Coursework 3
IN3013/INM173 - Object Oriented Programming in C++
This coursework explores a mixture of inheritance and template classes.
The application is a simple appointment book.
It is due on Tuesday 16th March,
and counts for 12% of the module marks.
For this task, you will be using the Date class from week 3.
Just copy the file date.cc
into the directory containing
your program, and add
#include "date.cc"
near the top of your source file.
- Implement an abstract base class Appointment containing
a time and a string describing the appointment, with a pure virtual method
bool occurs_on(Date d) const;
that says whether the appointment falls on a given day.
You will need to decide how you will represent times.
Document any restrictions you impose.
- Implement derived classes
- SingleAppointment
- for an appointment that falls on a single day.
- DailyAppointment
- for an appointment that occurs every day.
- WeeklyAppointment
- for an appointment that occurs on the same day of each week.
- MonthlyAppointment
- for an appointment that occurs on the same day of each month.

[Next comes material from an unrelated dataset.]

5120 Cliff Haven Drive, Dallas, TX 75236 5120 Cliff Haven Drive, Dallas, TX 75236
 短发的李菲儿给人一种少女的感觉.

each with a specific definition of occurs_on,
and whatever fields are appropriate.
- Write a function that goes through a sequence of Appointment *
and prints out those that occur on a given day.
- Make your program read the sequence of appointments from a text file.
There are some design issues here.
You cannot simply overload the » operator for Appointment,
because you will want to fill in a larger object,
and you won't know which derived class you want until you have read
at least some of the input.
- Make your program accept two commands from the standard input:
- print all the appointments that fall on a given date (or today).
- add an appointment to the sequence.
You don't have to cope with input errors.
- Make your program save the sequence of appointments to the file
when the end of the standard input is reached (or add a quit command).
(This is much more straightforward than input.)
If you wish, you may work on and submit this coursework in pairs.
Undeclared pairs will be referred to the academic misconduct procedure
- ``We worked together'' will not be an excuse.
A pair should submit a single solution, with both names on it.
A pair submission will obtain approximately 95% of the marks that an
identical single submission would have obtained,
so pairs are expected to do slightly more work than singles:
- The basic specification says not to worry about errors.
However you can make your program more robust by reading each line using
getline,
creating a stringstream from it, and reading from that.
(You'll need to import sstream.)
Then any error will be confined to that line.
Do this, and add simple error reporting.
but even if you don't do this, you can expect a good mark if you do
the basic task successfully and neatly.
Individuals should not do this extra task.
You don't have to what you did (pair or single) for the previous courseworks.